I actually use git a bunch, but nearly always for personal, one-person projects (sometimes stuff that’s never find its way to a central server). I get branching, committing, pushing, etc, but it’s rare that I need to coordinate with other people, let alone on projects as vast as CPython.

CAM-Gerlach · June 29, 2023, 1:52am

I actually have a git pr alias much like that one that I used to use years ago, but later moved to using hub basically for that one feature plus hub sync, which replaces another alias I had cooked up of the same name, which essentially remains the case today (I haven’t switched to gh, nor do really use it for much else).

Unfortunately, as far as I’m aware its not possible with a git pr NNN alias, nor is something like it implemented in any of the snippets I’d seen, since what these all do is pull down the appropriate ref from the upstream under refs/pulls/$number. To push back to the source branch, AFAIK you’d need to know the source fork and branch, for which you’d need to do a call to the GitHub API (which is what hub and gh do, presumably).

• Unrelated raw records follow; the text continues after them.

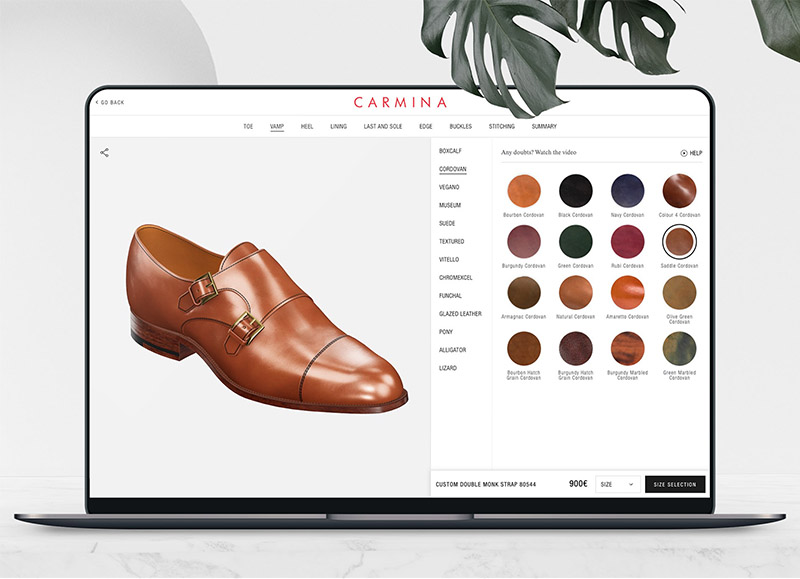 Carmina Shoemaker 3D Customizer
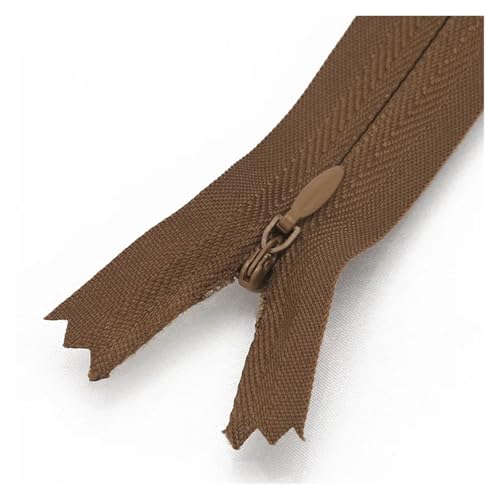 ZMCGNO 20 Teile/Paket 18cm 25cm 30cm 40cm 50cm 60cm 3# Unsichtbarer Reißverschluss Nylon Spule Reißverschluss for DIY Handwerk Tuch Nähen(Color 18,25cm) von ZMCGNO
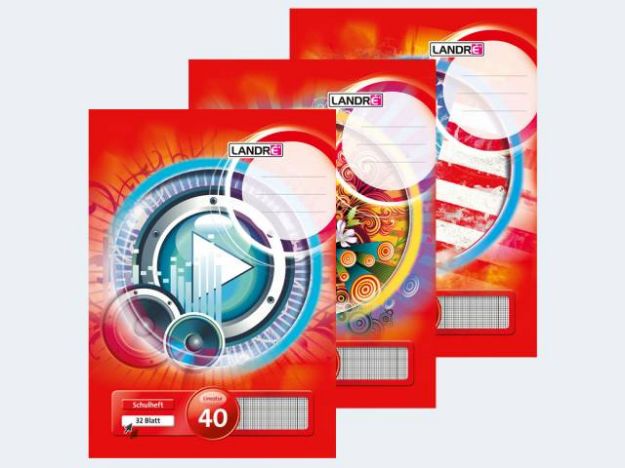 Bild von Heft A4/32 Lin40 5mm kariert mit Rahmen Landre - Eine Verkaufseinheit = 10 Stück - 100050060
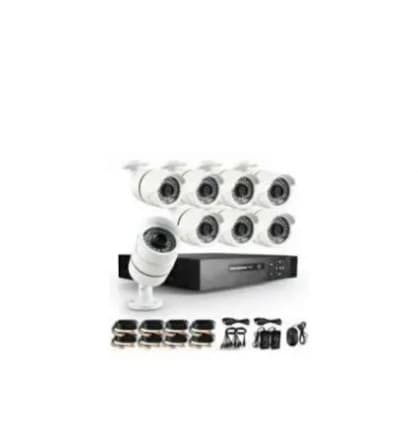 AHD CCTV 8 Channel camera system Full Kit security cameras with internet phone viewing_0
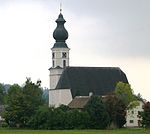 Kath. Pfarrkirche hl. Andreas und Friedhof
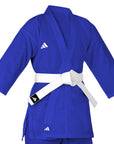 adidas Blue Karate Student Uniform Ultralight, Traditional Crossover, K150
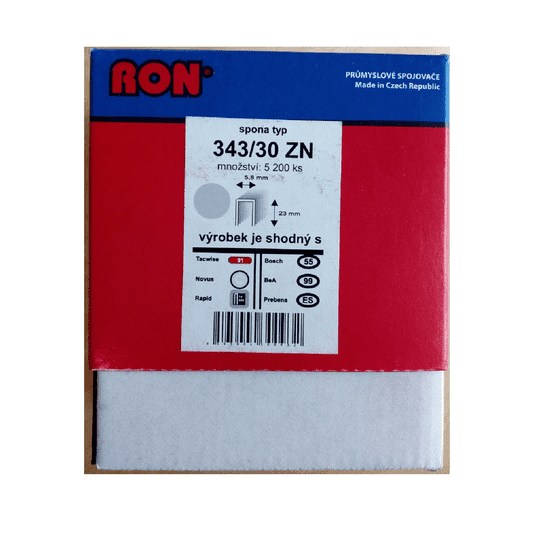 Ron sponka 343/30 zn m-pr 5.200ks v bal. (10102384)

The best I can cook up with is a command to check out a branch from a GitHub fork given the fork username and source branch name, as specified in the PR header:

git config --global alias.try '!REPONAME=$(basename "$(git rev-parse --show-toplevel)") && git fetch https://github.com/$1/$REPONAME.git $2 && git switch -c $2 FETCH_HEAD && git config branch.$2.remote https://github.com/$1/$REPONAME.git && git config branch.$2.pushRemote git@github.com:$1/$REPONAME.git && git config branch.$2.merge refs/heads/$2 && :'

which is used as follows (assuming the PR was stated to be from CAM-Gerlach:test-branch-4):

git try CAM-Gerlach test-branch-4

You can then both pull and push with the normal git pull and git push, and this will work equally well with branches that are PR branches, or those that are not (though you may not have push access, of course). Above I set things up to pull via HTTPS (so it always works for public repos) and push via SSH, but you could potentially configure it to use HTTPS to push with some tweaking.